Vous désirez seulement passer aux minutes illimitées, soir et week-end. C'est tout. Ça devrait prendre trois commandes de clavier et un Enter bien senti. Mais non.

Difficile de trouver un exemple plus puissant de bonne intention qui provoque l'effet contraire. Au lieu de se sentir bichonné, on devient hypercontrarié de perdre notre temps. On lève les yeux en l'air, le temps qu'Attika vienne à bout de son interminable chapelet de politesse. Ils ont du souffle, ces agents.

Vingt minutes plus tard (20!), ça y est, tout est confirmé, votre forfait a été changé. C'est là où votre désir de raccrocher atteint son comble, parce que, bon, vous n'avez pas gardé les cochons ensemble et vous ne vous reparlerez jamais, vous n'allez quand même pas commencer à vous donner des ti-bisous au téléphone. Ça tire sur la fin...

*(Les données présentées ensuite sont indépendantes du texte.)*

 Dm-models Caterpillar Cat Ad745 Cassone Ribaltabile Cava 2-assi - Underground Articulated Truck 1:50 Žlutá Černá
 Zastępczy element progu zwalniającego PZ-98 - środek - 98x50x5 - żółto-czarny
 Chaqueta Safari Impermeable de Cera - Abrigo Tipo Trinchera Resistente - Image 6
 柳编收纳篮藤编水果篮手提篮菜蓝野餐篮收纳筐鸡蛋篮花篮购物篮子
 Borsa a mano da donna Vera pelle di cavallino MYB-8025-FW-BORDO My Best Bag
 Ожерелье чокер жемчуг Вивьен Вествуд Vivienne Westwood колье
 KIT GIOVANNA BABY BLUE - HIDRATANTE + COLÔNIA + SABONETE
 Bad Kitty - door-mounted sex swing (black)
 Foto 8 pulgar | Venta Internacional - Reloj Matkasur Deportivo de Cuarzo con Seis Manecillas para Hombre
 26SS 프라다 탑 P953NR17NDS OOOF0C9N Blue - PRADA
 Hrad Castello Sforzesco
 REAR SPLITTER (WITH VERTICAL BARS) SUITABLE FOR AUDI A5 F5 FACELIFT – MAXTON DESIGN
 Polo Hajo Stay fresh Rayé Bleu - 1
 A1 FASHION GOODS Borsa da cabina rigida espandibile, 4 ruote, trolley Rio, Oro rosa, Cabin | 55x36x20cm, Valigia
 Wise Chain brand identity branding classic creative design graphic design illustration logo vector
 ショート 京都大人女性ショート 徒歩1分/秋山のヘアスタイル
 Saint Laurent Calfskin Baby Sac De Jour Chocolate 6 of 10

J'ai toujours apprécié les formules courtes et éprouvées pour mettre fin à un appel:
«C'est beau?»
«OK c'est beau.»
«OK bye!»
«Bye, à 'prochaine».

Clic.

Mais pas votre gentil fournisseur.

«Avez-vous d'autres questions ou commentaires sur nos services mobiles aujourd'hui, monsieur Bélanger? Mon nom est Attika.»
«Non, c'est beau...»
«Alors, dans ce cas, je vous remercie d'avoir choisi (nom d'entreprise). Êtes-vous satisfait de la prestation de service que je vous ai fournie aujourd'hui, monsieur Bélanger? Mon nom est Attika.»
«Oua-oué.»
«Au nom de (nom de société) et de toute notre équipe, je vous remercie encore, et vous invite à répondre à un sondage qui vous sera envoyé par courrier électronique, qui vous demandera votre évaluation de la qualité du service reçu. Je vous rappelle que mon nom est Attika, je vous souhaite une excellente fin de journée, monsieur Bélanger, nos bonjours à madame.»

Vous recevez le sondage. Les questions y sont formulées de manière à ne pas permettre d'y répondre honnêtement. Est-ce que la personne a été gentille? Choix de réponses: «pas du tout», «un peu», «assez» et «tout à fait». Aucune option du type «trop», comme dans «trop gentille». Donc, vous finissez par cocher «assez» ou «tout à fait», qu'on en finisse.

Et c'est ainsi que la roue tourne. Votre gentil fournisseur se dit: «Bingo! On est sur la bonne voie! Nos clients sont contents!» Et ils redoublent les budgets de formation de phrases de 20 pieds à toutes les Attika du continent.

Chaque expérience téléphonique de la sorte nourrit mon nouveau désir: je sacrifierais bien quelques courbettes au profit de la vitesse.

«Pour être servi par un air bête, appuyez sur le 3...»
«Bip!»
«Mouéallô...»
«J'veux les soirs et week-ends illimités.»
«Les nerfs... S'ra pas long.»
(bruits de clavier d'ordinateur)
«C'est beau, c'est fait. Autre chose?»
«Non, c'est beau.»
«OK bye, là.»
«Bye.»

Clic.

Martin Bélanger est chef de groupe à la création de Bos.